Zaman boşluğunun önünde yürek boşluğu: Karşı karşıya, birbirlerine yokluklarını yansıtan iki ayna, aynı hiçlik görüntüsü... Hayalperest bir budalalığın etkisi altındaymış gibi, her şey aynı seviyeye gelir: Artık doruklar da yoktur, uçurumlar da... Yalanlardaki şiir, bir muammanın dürtüsü artık nerede keşfedilir? - Cani özgürlüğünü sınırsız bir şekilde kullanır ve gücünün fikrine karşı koyamaz. Başkalarının hayatına son verme konusunda, o da her birimizle aynı düzeydedir. Eğer düşüncede öldürdüklerimiz hakikaten yok olsalardı, yeryüzünde kimse kalmazdı. İçimizde çekingen bir cellat, hayata geçmemiş bir katil taşırız. İnsan öldürme eğilimlerini kendilerine itiraf etme cüreti olmayanlar da cinayetlerini rüyalarında işlerler, kabuslarını cesetlerle doldururlar.
- İnsan kendini Şeytan'da çok fazla bulduğu için O'na tapamaz; ondan bilerek nefret eder; kendinden yüz çevirir ve Tanrı'nın yoksul vasıflarını ayakta tutar.
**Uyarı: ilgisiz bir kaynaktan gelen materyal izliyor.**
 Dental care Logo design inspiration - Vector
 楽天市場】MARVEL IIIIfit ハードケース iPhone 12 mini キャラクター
- Etrafımıza saçtığımız kelimeler oranında ölürüz. Konuşanların sırrı yoktur. Ve hepimiz konuşuruz. Kendimize ihanet eder, kalbimizi teşhir ederiz; her birimiz dile gelmezliğin celladıyızdır; her birimiz sırları, en başta da kendi sırlarımızı yok etmek için yırtınırız.
- Günlere tutunuyoruz, çünkü ölme arzusu fazla mantıksaldır, bundan dolayı da işe yaramazdır.